The Elders Quorum President at the time had a young son himself, but often left his home to serve in his church calling. I know that this was hard for his wife, but they were conscientious people and did what they thought was best. I wished he wouldn’t, but I knew that the President would pick up the slack when I refused some church service. I wished he would delegate and allow someone else to take care of things more often. Instead, he took a the-buck-stops-here stance. I could admire that in a way, but I thought he lacked balance between family and church life. If he spent more time with his family, I would have felt less guilty about prioritizing my family, but he had his own choices to make, and I had mine.

 

We entered the Stake President’s office dressed in our Sunday clothes with our little one in tow. The Elders Quorum President had moved away, and the Stake President had asked us to meet with him. We sat down in his wood-panel office and made small talk for a few minutes.
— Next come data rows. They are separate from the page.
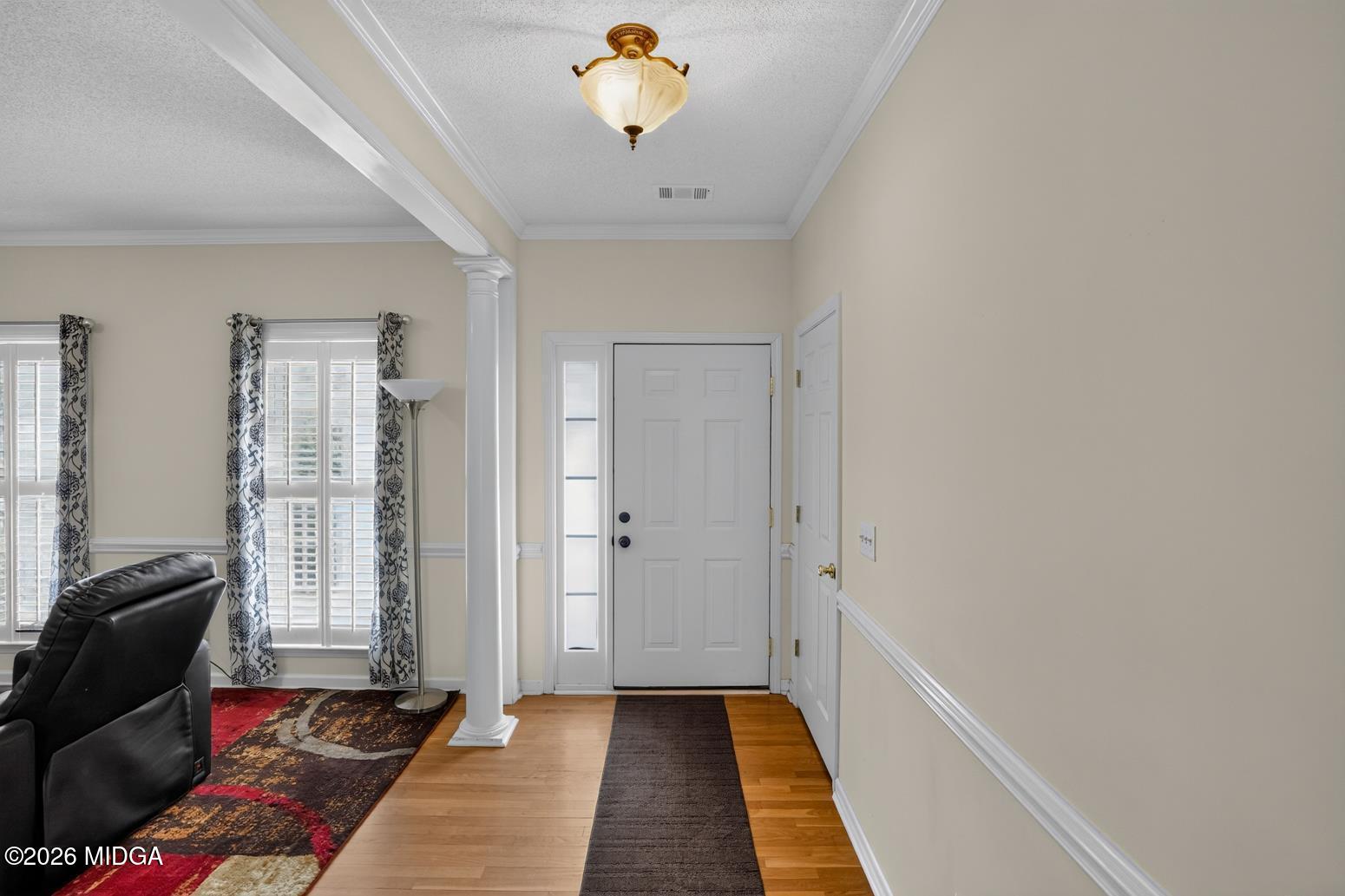527 Sugarloaf Drive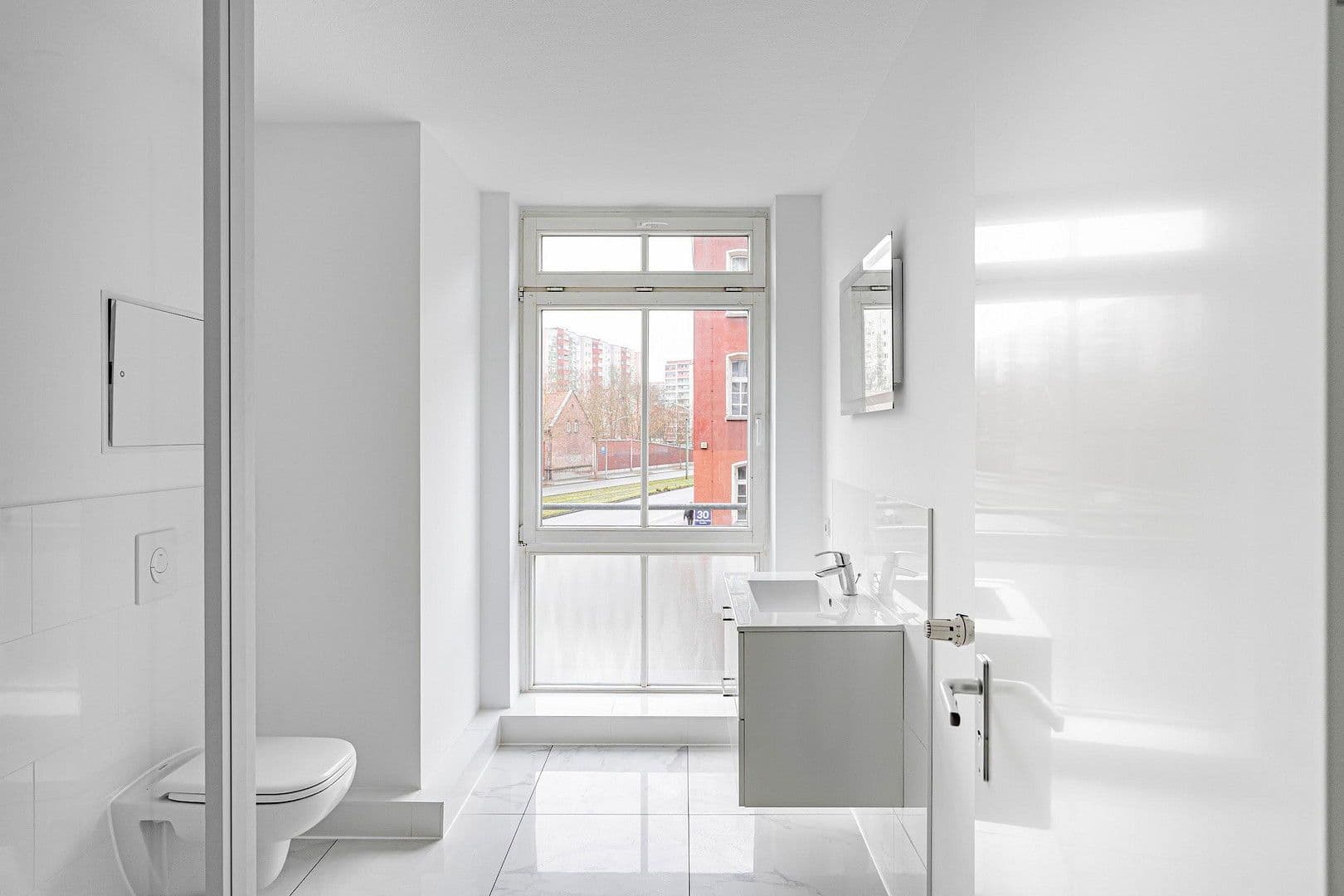 Prodej bytu 3+1 140 m², Alfred-Kowalke-Str.14, Berlin, Berlín Prodej bytu 3+1 140 m², Alfred-Kowalke-Str.14, Berlin, Berlín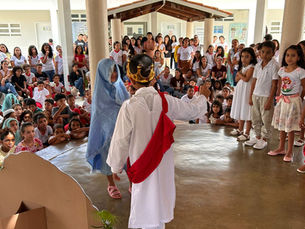Crianças emocionam comunidade com apresentações de Páscoa em escola Rural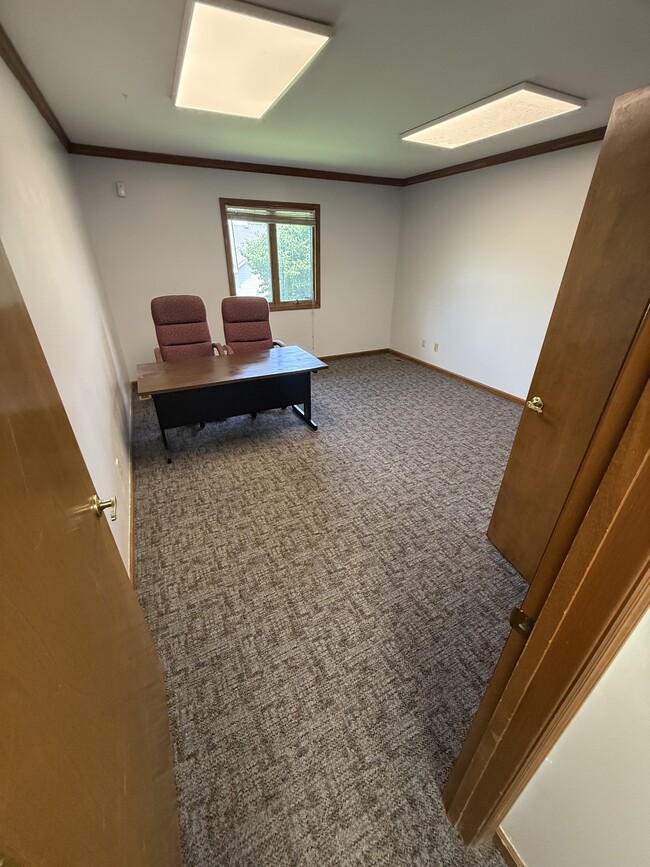 Building Photo - 1052 N University Blvd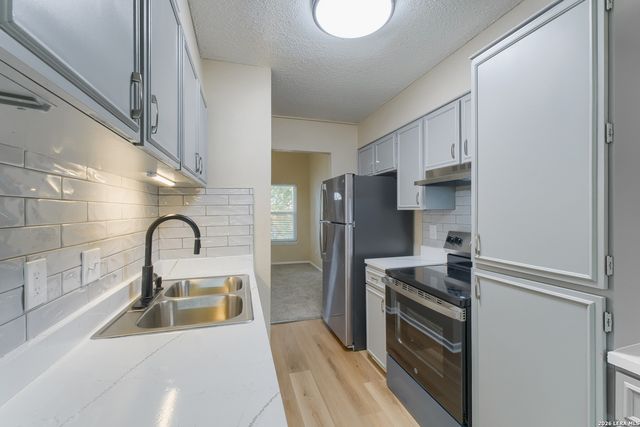 4412 Shakertown, San Antonio, TX 78238
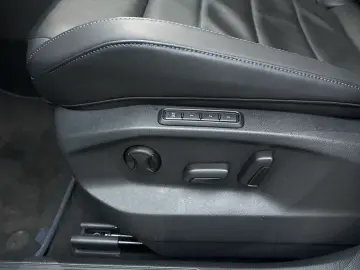 Volkswagen T-Roc 2.0 R 4X4 AKRAPOVIC LEDER PANO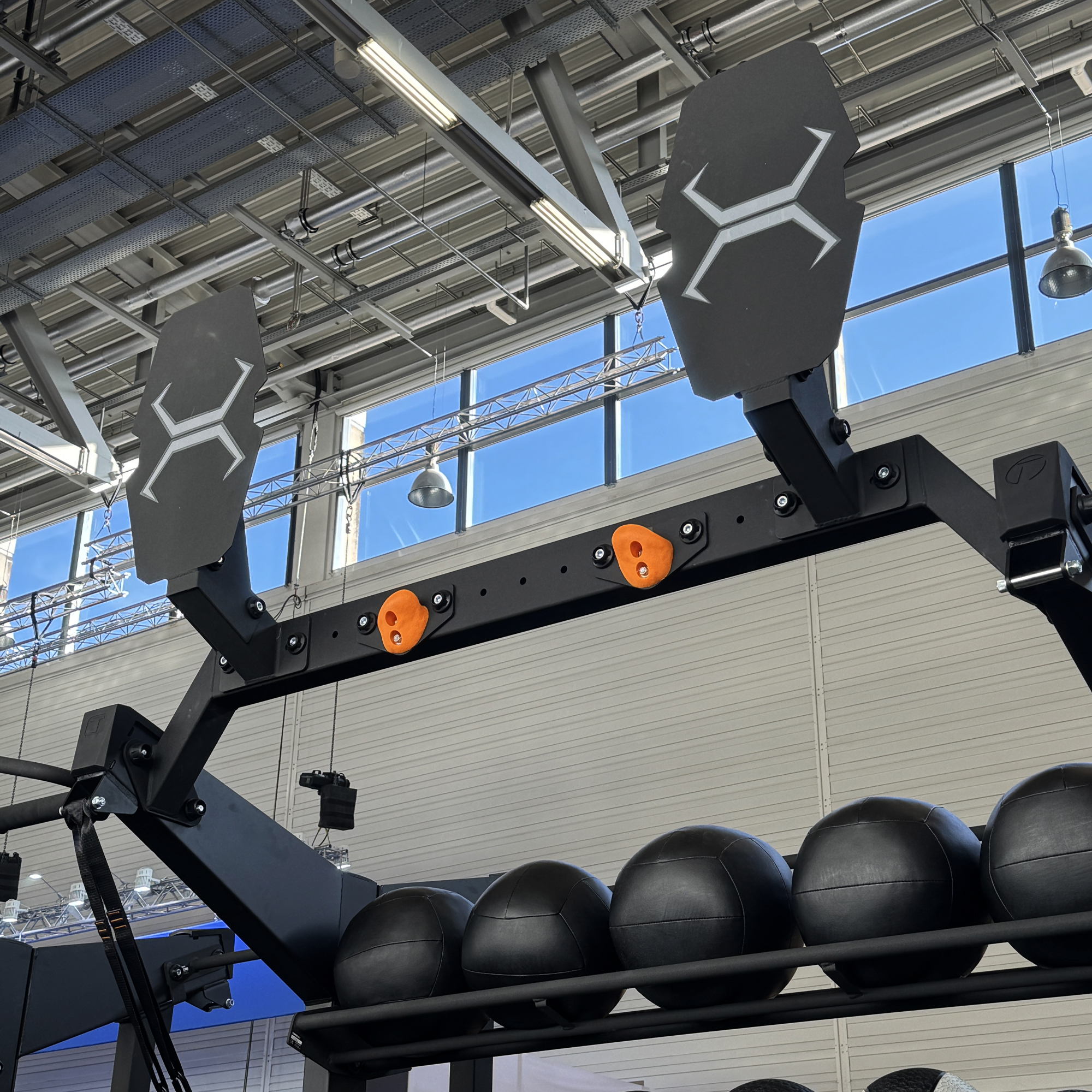 Torque X-Create Bridge Wall Ball Target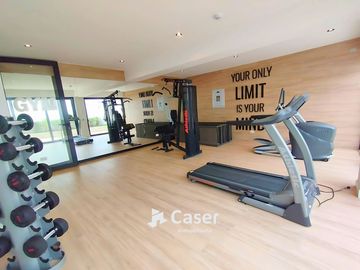 Departamento moderno con áreas comunes en venta – Piso 8 en Velasco Astete y Caminos del Inca, Surco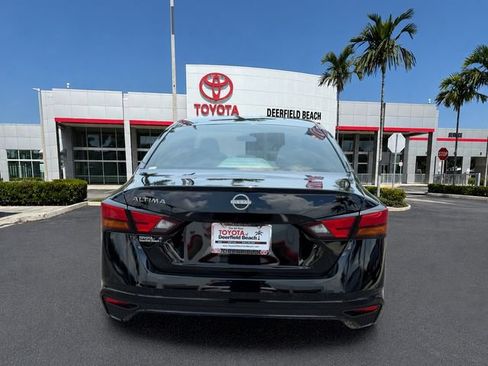 Used 2024 Nissan Altima 2.5 S FWD image 6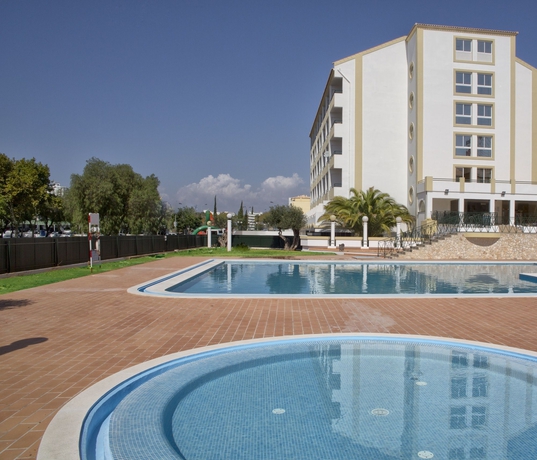 Imagen de los exteriores del Aparthotel Ourabay. Foto 4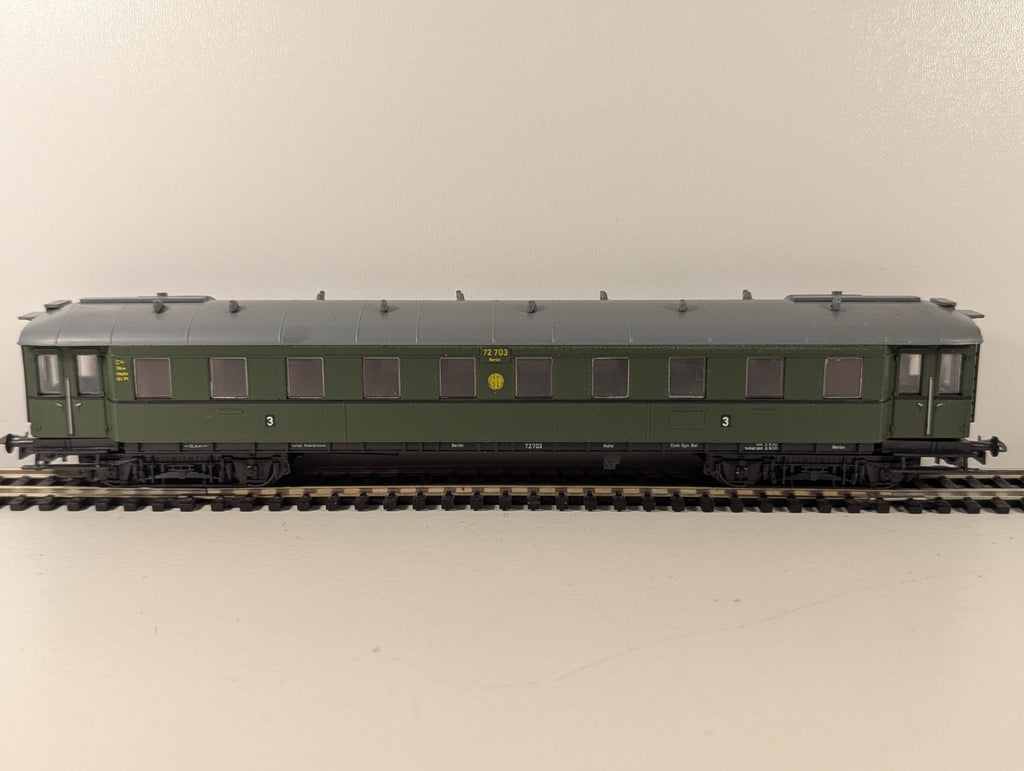 Liliput HO Gauge Deutsche Bundesbahn Passenger Coach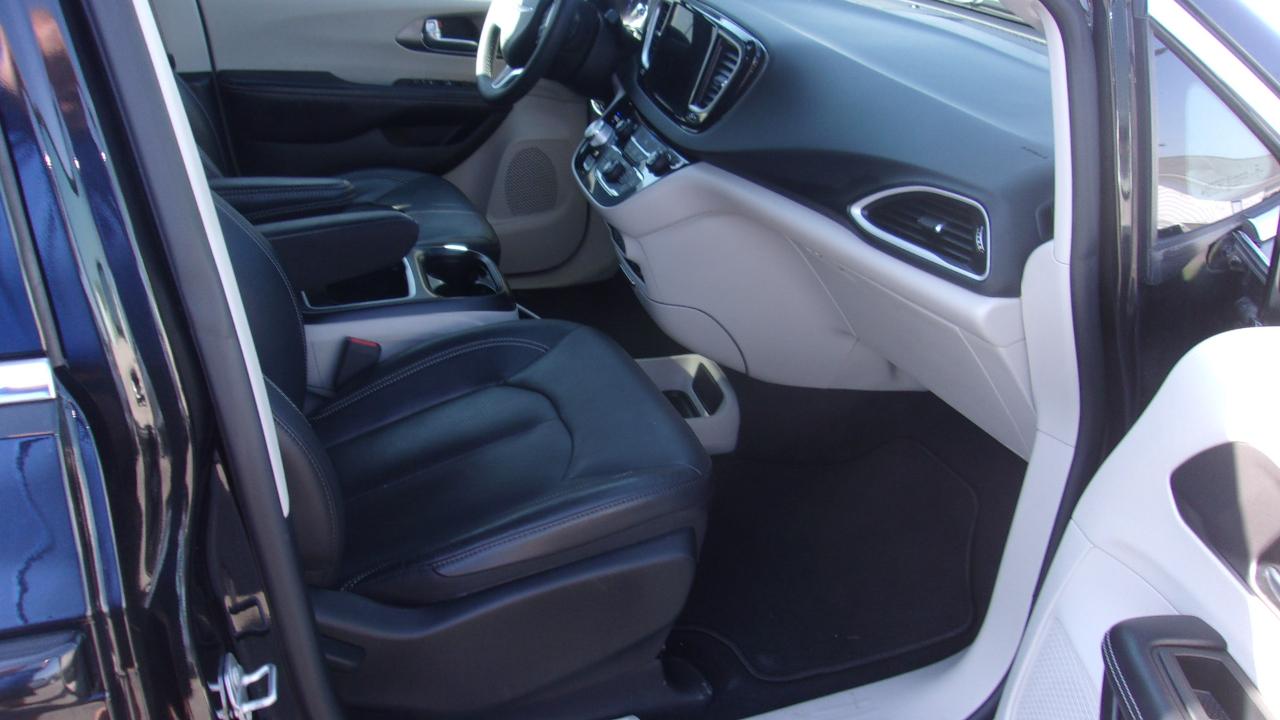 Chrysler Pacifica Touring-L 2022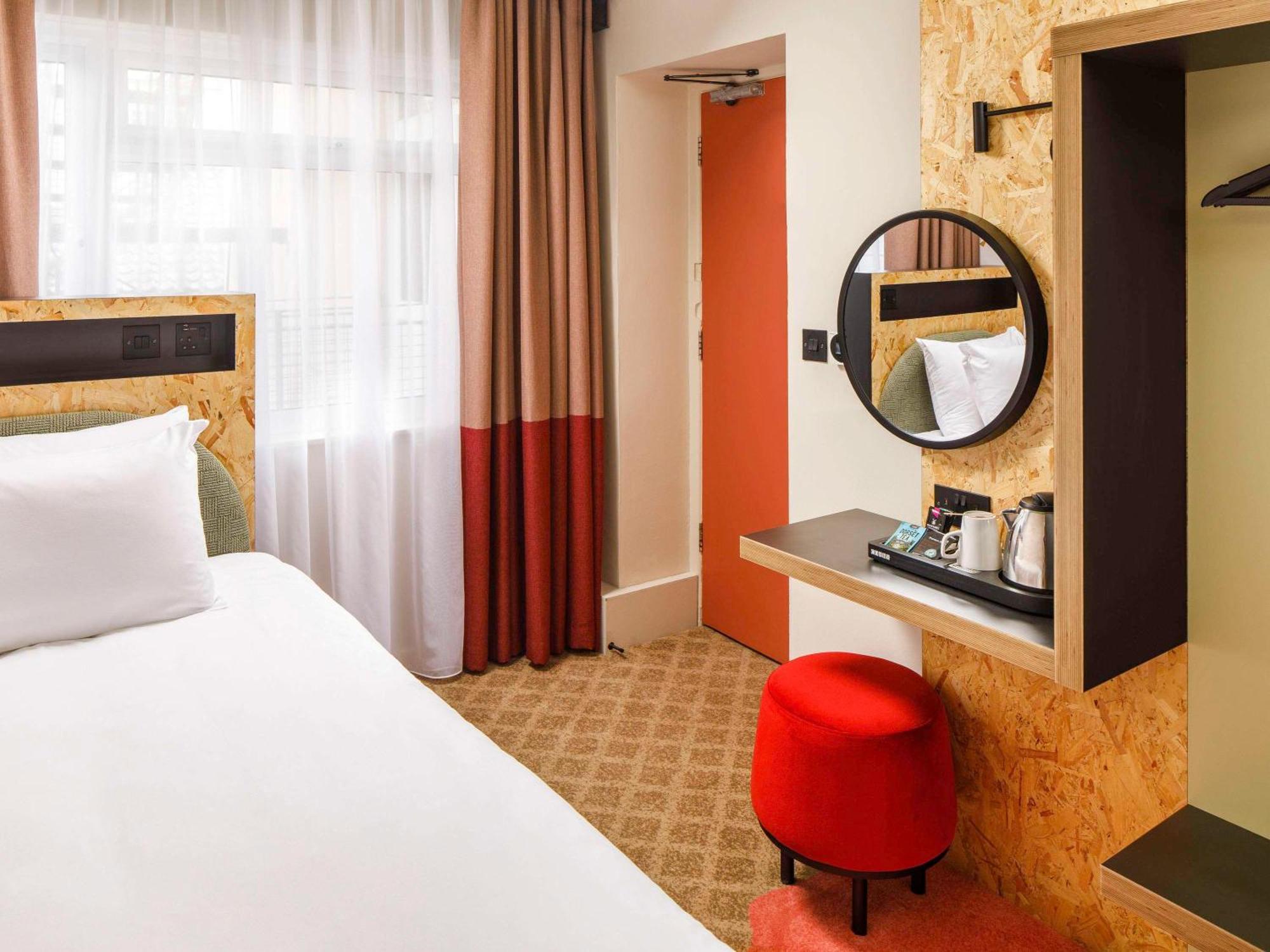 Ibis Styles Bournemouth Hotel Bagian luar foto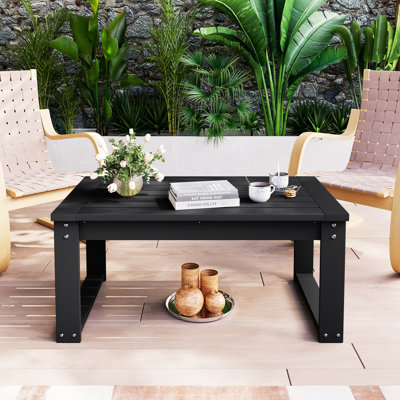 Table basse en plastique Mackerley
Getting serious, he called me to serve as Elders Quorum President and asked if my wife would support me in serving.

With the example of the previous Elders Quorum President in mind, I told him that I would serve in the calling but that I had some concerns about the amount of time it might require. I told him about Lacey’s classes, her callings, and the other demands on my time. I said that I worried that I might not have enough time to serve well, but I would do my best. Then he did something unexpected.

He thanked us for coming in, said that we did the right thing by bringing our concerns to him, and told us he would be in contact with us if he had anything further for us. I left his office a little stunned. I felt like I had just turned down a calling—very taboo. Faithful Mormons do not turn down callings. At least they shouldn’t. I sat with my wife and daughter in the car for a long time. We talked about going back to his office and telling the Stake President that we took it all back: we new that I could serve faithfully in the calling. We eventually decided to leave it in this inspired hands. I started the car, and we left for our home.

 

The LDS church promotes itself as family centered. It has been a mixed blessing for me in that arena. I’ve focused on only one way that Mormonism has influenced my family life. What effects, good and bad, has the LDS church had on your family?